Health and Happiness: a Retro Message
A study published December 9 in The Lancet challenges the conventional wisdom that unhappiness causes illness and hastens death. Dr. Betty Liu, University of New South Wales, and colleagues at Oxford University analyzed data from the UK “Million Women Study” (in which women ages 50 to 69 provided baseline data between 1996 to 2001 and were then tracked with questionnaires).
About half the women studied were in good health initially and had no history of heart disease, cancer, stroke or emphysema. In this group, the women who considered themselves unhappy did not die sooner than the women who considered themselves happy.
Here’s the abstract:
Poor health can cause unhappiness and poor health increases mortality. Previous reports of reduced mortality associated with happiness could be due to the increased mortality of people who are unhappy because of their poor health. Also, unhappiness might be associated with lifestyle factors that can affect mortality. We aimed to establish whether, after allowing for the poor health and lifestyle of people who are unhappy, any robust evidence remains that happiness or related subjective measures of wellbeing directly reduce mortality.
The Million Women Study is a prospective study of UK women recruited between 1996 and 2001 and followed electronically for cause-specific mortality. 3 years after recruitment, the baseline questionnaire for the present report asked women to self-rate their health, happiness, stress, feelings of control, and whether they felt relaxed. The main analyses were of mortality before Jan 1, 2012, from all causes, from ischaemic heart disease, and from cancer in women who did not have heart disease, stroke, chronic obstructive lung disease, or cancer at the time they answered this baseline questionnaire. We used Cox regression, adjusted for baseline self-rated health and lifestyle factors, to calculate mortality rate ratios (RRs) comparing mortality in women who reported being unhappy (ie, happy sometimes, rarely, or never) with those who reported being happy most of the time.

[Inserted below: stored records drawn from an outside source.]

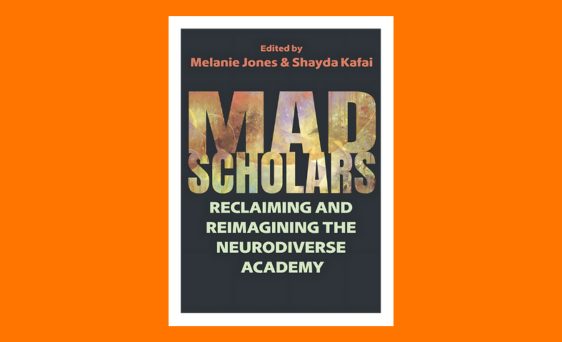 Book Cover of Mad Scholars: Reclaiming and Reimagining the Neurodiverse Academy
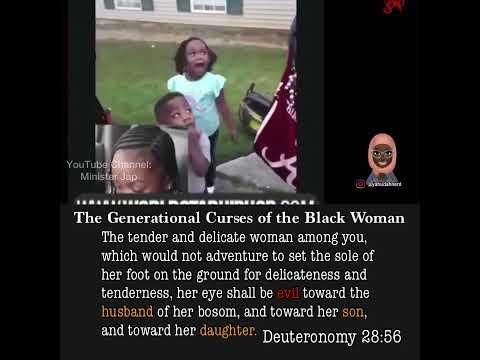 Deuteronomy 28:56- Most modern Black Women hate their children. The TRUTH Hurts the WICKED ONES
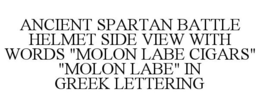 ANCIENT SPARTAN BATTLE HELMET SIDE VIEW WITH WORDS "MOLON LABE CIGARS" "MOLON LABE" IN GREEK LETTERING trademark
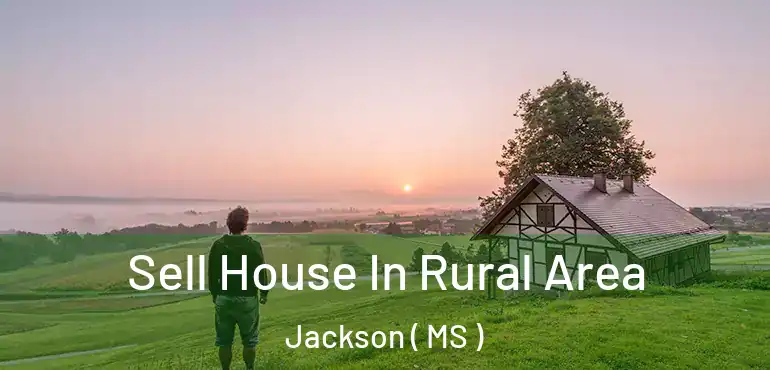  Sell House In Rural Area Jackson ( MS )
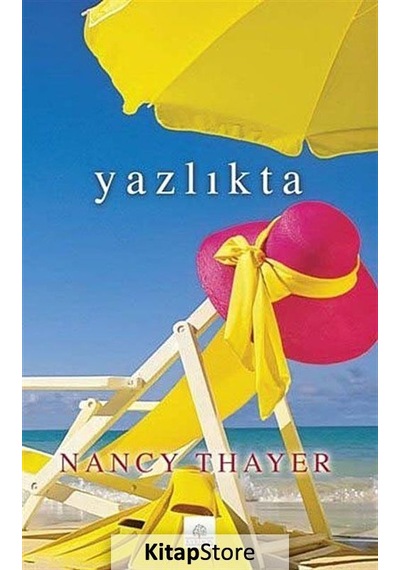 Yazlıkta - Nancy Thayer - Kyrhos Yayınları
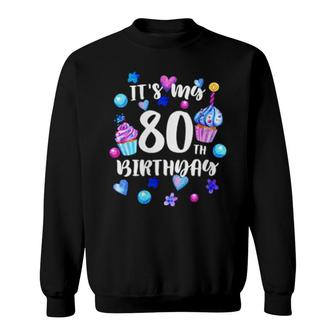 Fun Cupcake Its My 80Th Birthday 80 Year Old Birthday Sweatshirt | Mazezy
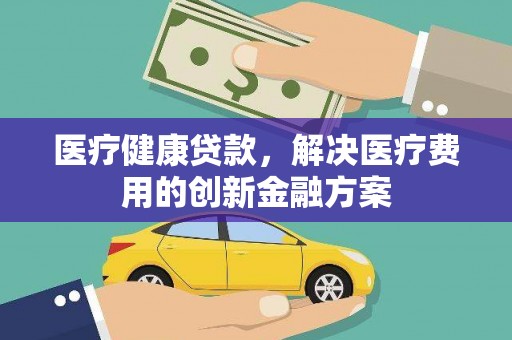 徐闻医疗健康贷款，解决医疗费用的创新金融方案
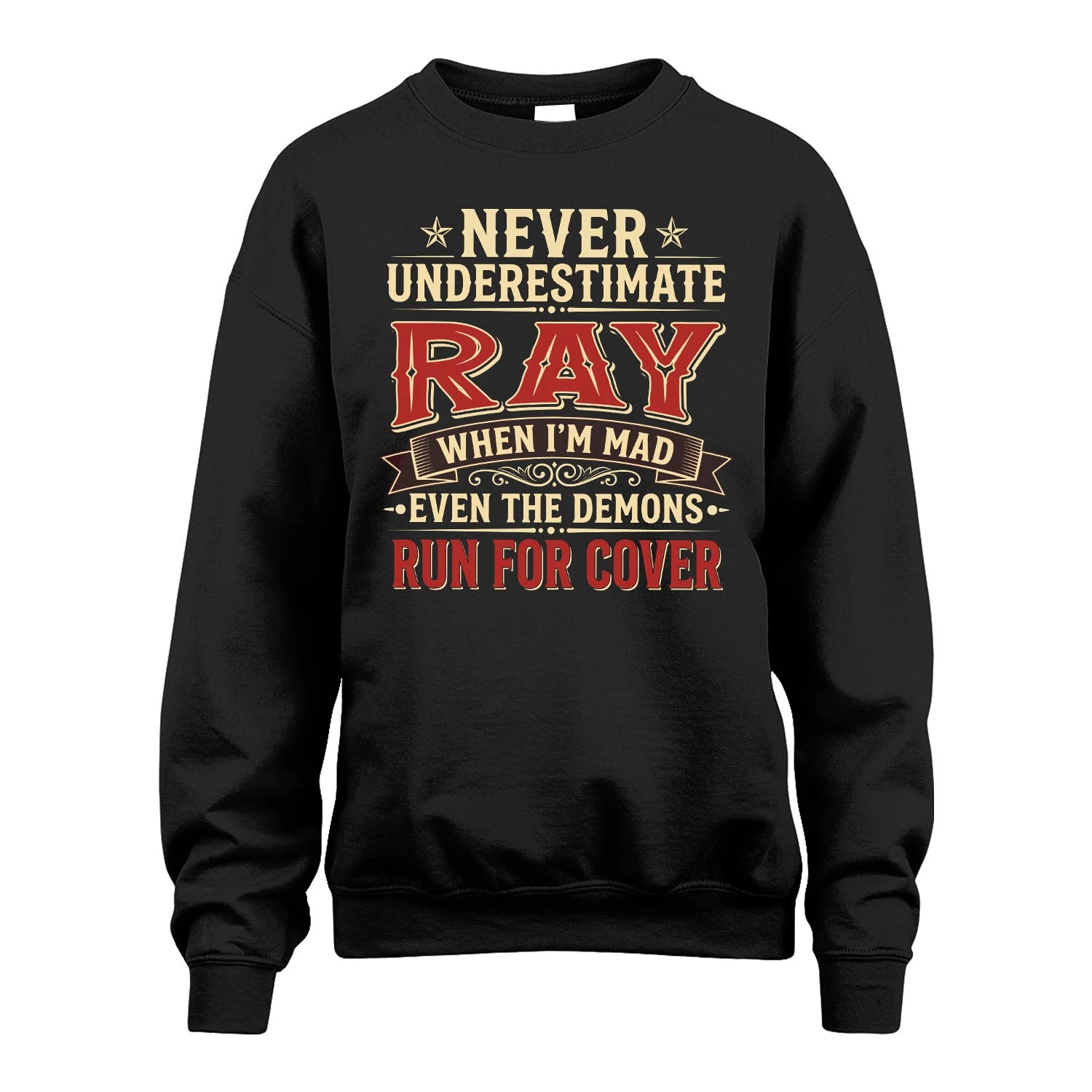 Never Underestimate When I'm Mad Shirt RAY M1-4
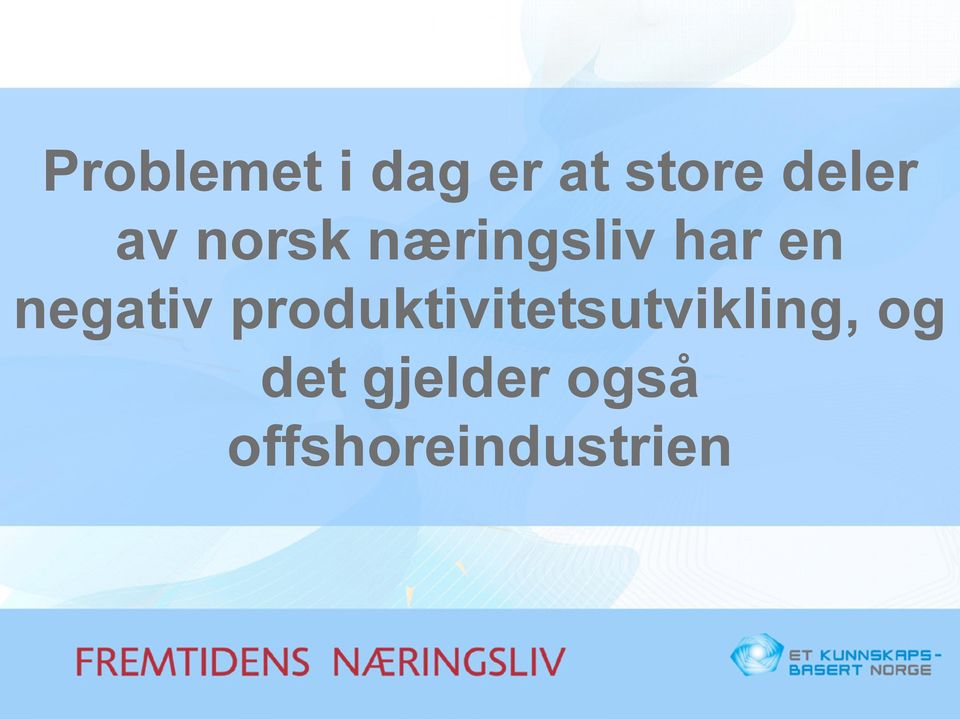 negativ produktivitetsutvikling,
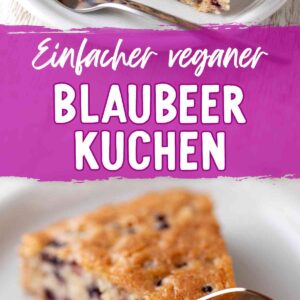 Zwei Bilder von veganem Heidelbeerkuchen aus der Springform auf einem Teller mit Text: Einfacher veganer Blaubeerkuchen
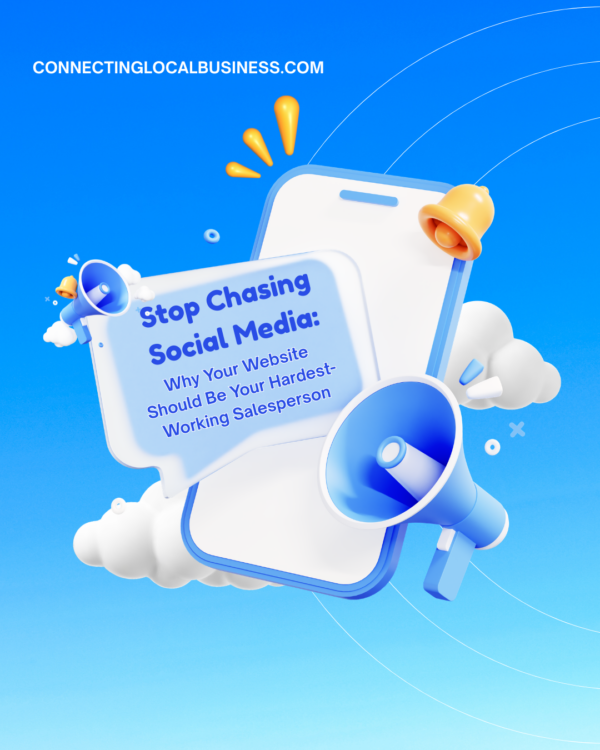 Stop Chasing Social Media: Why Your Website Should Be Your Hardest-Working Salesperson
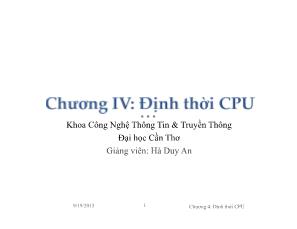 Bài giảng Hệ điều hành - Chương IV: Định thời CPU - Hà Duy An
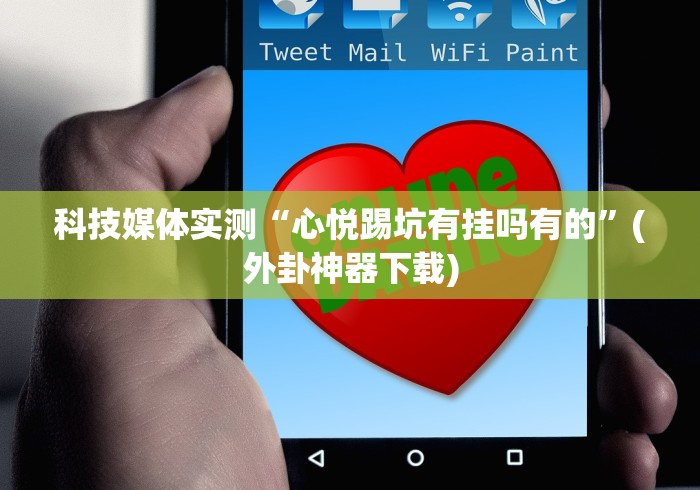 科技媒体实测“心悦踢坑有挂吗有的”(外卦神器下载)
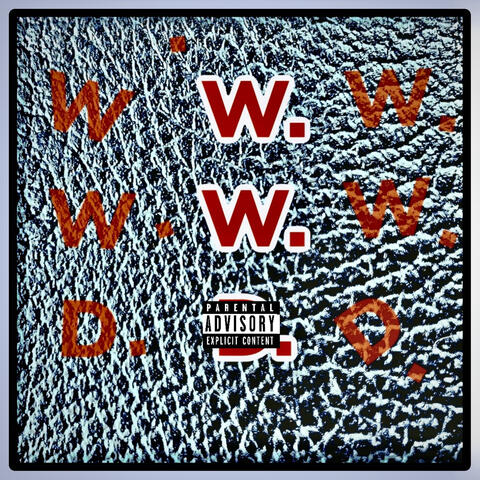 W.W.D.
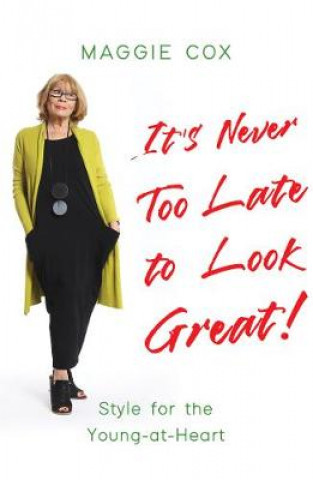 It's Never Too Late to Look Great!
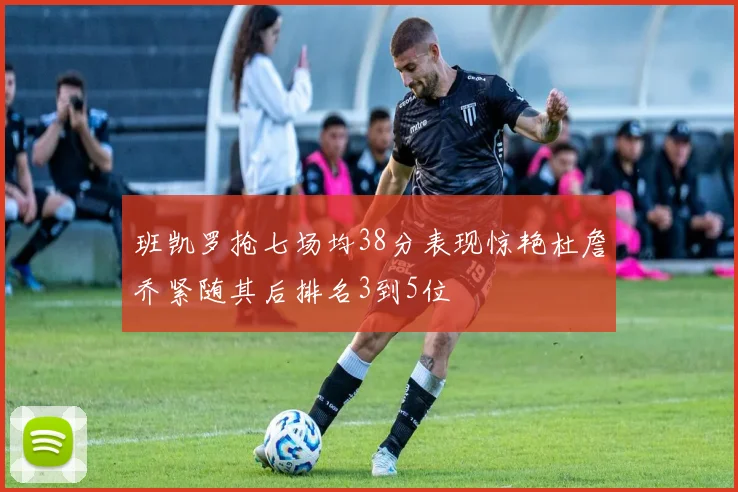 班凯罗抢七场均38分表现惊艳杜詹乔紧随其后排名3到5位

Of 719 671 women in the main analyses (median age 59 years [IQR 55–63]), 39% (282 619) reported being happy most of the time, 44% (315 874) usually happy, and 17% (121 178) unhappy. During 10 years (SD 2) follow-up, 4% (31 531) of participants died. Self-rated poor health at baseline was strongly associated with unhappiness. But after adjustment for self-rated health, treatment for hypertension, diabetes, asthma, arthritis, depression, or anxiety, and several sociodemographic and lifestyle factors (including smoking, deprivation, and body-mass index), unhappiness was not associated with mortality from all causes (adjusted RR for unhappy vs happy most of the time 0·98, 95% CI 0·94–1·01), from ischaemic heart disease (0·97, 0·87–1·10), or from cancer (0·98, 0·93–1·02). Findings were similarly null for related measures such as stress or lack of control.
In middle-aged women, poor health can cause unhappiness. After allowing for this association and adjusting for potential confounders, happiness and related measures of wellbeing do not appear to have any direct effect on mortality.
The authors are delivering a real retrograde message. They contend that previous studies linking unhappiness and illness had cause and effect bass-ackwards. Their data show illness leading to unhappiness —which makes sense— but not vice versa.
The findings, we note unhappily, may not apply to men.